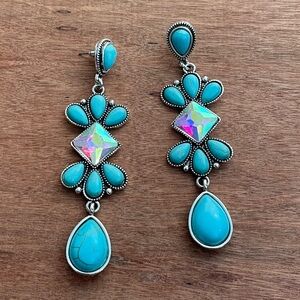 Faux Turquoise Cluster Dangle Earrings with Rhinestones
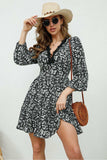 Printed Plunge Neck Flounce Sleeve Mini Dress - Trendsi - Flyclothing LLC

# # # #

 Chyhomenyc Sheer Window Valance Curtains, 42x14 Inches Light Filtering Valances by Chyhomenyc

# # # #

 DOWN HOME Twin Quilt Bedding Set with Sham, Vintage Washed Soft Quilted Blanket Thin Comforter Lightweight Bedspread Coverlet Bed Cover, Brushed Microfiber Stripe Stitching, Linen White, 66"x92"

# # # #

TASK REQUIREMENTS -
Within the material above, find the part that opens with the line containing "Faux Turquoise Cluster" and closes with the line containing "Printed Plunge Neck", and reproduce it exactly without the pictures.

RESULT -
 Faux Turquoise Cluster Dangle Earrings with Rhinestones
 Printed Plunge Neck Flounce Sleeve Mini Dress - Trendsi - Flyclothing LLC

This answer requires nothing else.